Logo for NATO Summit meeting in Chicago

By Darren Ruch

As a general rule, wars are not fought unilaterally without the financial, political, and materiel assistance of other states.  Examples of historical, large-scale alliances include Allied (Entente) Powers and the Central Powers during World War I, the Allies versus the Axis during World War II, and the Cold War, involving a prolonged war between North Atlantic Treaty Organization (NATO) members and the Warsaw Pact nations.  The commonality of alliances and multilateral action in conflicts remains today, such as in the Libya Civil War, in which the National Transitional Council, NATO, and other states formed an alliance to topple the Libyan regime.

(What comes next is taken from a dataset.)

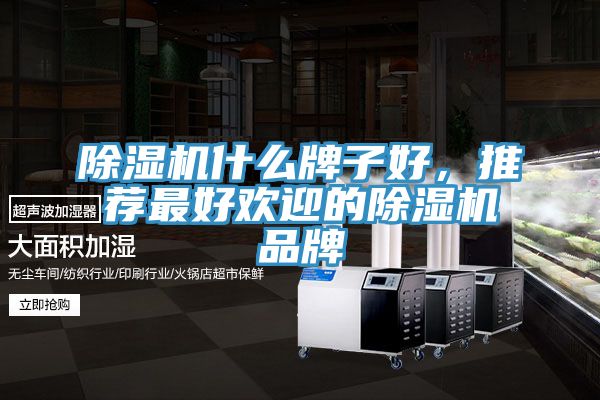除濕機什么牌子好,推薦最好歡迎的除濕機品牌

Maintaining well-established alliances is a smart investment because of their many benefits and military effects.  Coming into its 63rd anniversary, the NATO alliance has survived the end of the Cold War, the Balkan wars in the mid 1990s, and the Libya intervention in 2011.  As the 25th summit in Chicago approaches, NATO will need to reaffirm its mission and prepare for another decade of following its charter and continuing the strongest and oldest alliance still in effect.  Furthermore, it is in every member’s interest, especially the U.S., that NATO not only remain intact, but continue to be a strong alliance for the future.  This paper will argue that NATO is far from retirement or in need for a major overhaul, but rather should continue promoting its values and demand an equal contribution from all its members.  The paper will briefly touch on NATO’s values and ideals, identify some shortcomings of the alliance with lessons learned from the Libya campaign, and conclude with some recommendations for the upcoming Chicago Summit.

On April 4, 1949, NATO was founded on the foundation of “democracy, individual liberty, and the rule of law.”[1]  Within the first five articles of the treaty, the principles of joint negotiation, training, sovereignty, defense, and alliance are emphasized to promote defense stability and economic collaboration between its members.[2]  Successfully carrying out those ways and means is an important end for all the participating states: providing financial and materiel support to the military-strong states (US, UK, France, and Germany) and affording modernization and equipment to the members with smaller armed forces.[3]

NATO is an alliance for alliances; it rarely engages in operations solely with its own members.[4]  As of May 2012, NATO supports five operations: leading the International Security Assistance Force (ISAF) in Afghanistan (Operation ENDURING FREEDOM), NATO’s Kosovo Force (KFOR), detecting and deterring terrorist activity in the Mediterranean Sea (Operation ACTIVE ENDEAVOR), counter-piracy in the Horn of Africa (Operation OCEAN SHIELD), and supporting the African Union on the African continent, mostly focused in Somalia.[5]  Additionally, last year NATO completed its training mission in Iraq and, in October, concluded a successful four-month operation in Libya, Operation UNIFIED PROTECTOR, which provided a no-fly zone over the country.  In all of those operations, past and current, NATO was just one alliance within a wider coalition force.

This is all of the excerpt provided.